Every interaction with a large language model — whether you are chatting with Claude, calling the OpenAI API, or running Llama locally — is governed by a small set of parameters that most users never examine. Tokens determine what you pay. Context windows determine what the model can see. Temperature determines how it chooses its words.
These are not abstract concepts. They are the engineering constraints that shape every AI product you use, and they explain most of the “weird behavior” people encounter. Here is how they actually work.
Language models do not process text character by character, and they do not process it word by word. They use tokens — subword units generated by a tokenization algorithm, almost always a variant of Byte Pair Encoding (BPE).
BPE works by starting with individual characters, then iteratively merging the most frequent adjacent pairs into new tokens. After thousands of merges, you end up with a vocabulary of typically 32,000 to 100,000 token types that efficiently encode common patterns.
The tokenization is not intuitive. “Hello” is one token. “Unbelievable” is three (“Un”, “believ”, “able”). A space before a word is often part of that word’s token. Numbers are especially tricky — “123456” might be tokenized as [“123”, “456”] or [“12”, “345”, “6”] depending on the tokenizer, which partly explains why LLMs struggle with arithmetic.
The rule of thumb: 1 token is roughly 3/4 of an English word, or about 4 characters. A 1,000-word article is approximately 1,300 tokens. A full novel (80,000 words) is about 106,000 tokens.
Every commercial LLM API charges per token, and the economics are not symmetric — generating tokens (output) costs more than reading them (input), because generation requires running the full model forward pass for each token sequentially, while input tokens can be processed in parallel.

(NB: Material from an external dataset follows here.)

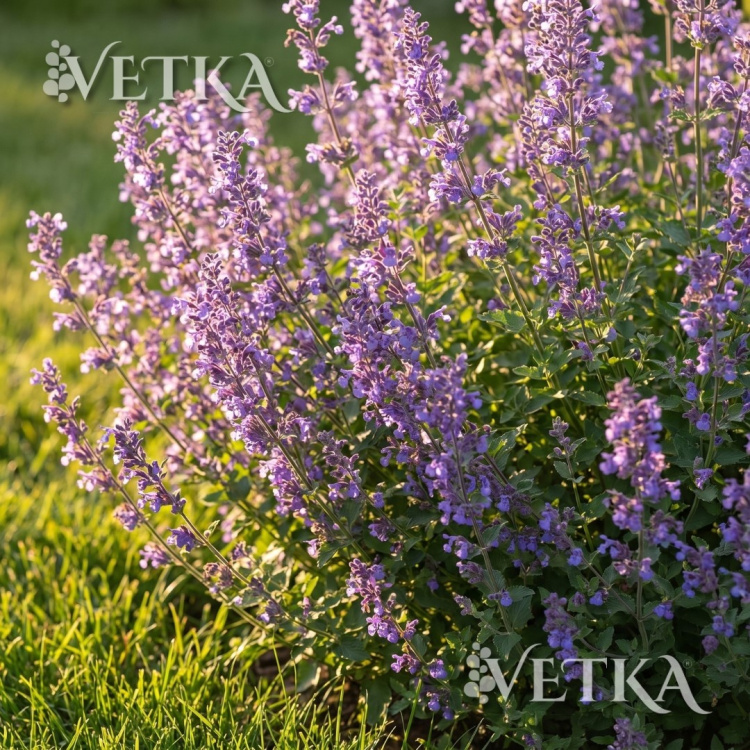 Дизайн без названия - 2026-07-14T012818.485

Here is what the major providers charge as of early 2026:
| Model | Input (per 1M tokens) | Output (per 1M tokens) |
|---|---|---|
| GPT-4o | $2.50 | $10.00 |
| GPT-4o mini | $0.15 | $0.60 |
| Claude 3.5 Sonnet | $3.00 | $15.00 |
| Claude 3.5 Haiku | $0.80 | $4.00 |
| Gemini 1.5 Pro | $1.25 | $5.00 |
| Llama 3.1 405B (via Together) | $3.50 | $3.50 |
| DeepSeek V3 (API) | $0.27 | $1.10 |
These differences compound fast. A customer support application processing 10 million tokens per day — not unusual for a mid-size company — would pay $25/day with GPT-4o input, but $2.70/day with DeepSeek. Over a year, that is the difference between $9,125 and $986. Choosing your model and optimizing your prompts is not an engineering nicety; it is a business decision.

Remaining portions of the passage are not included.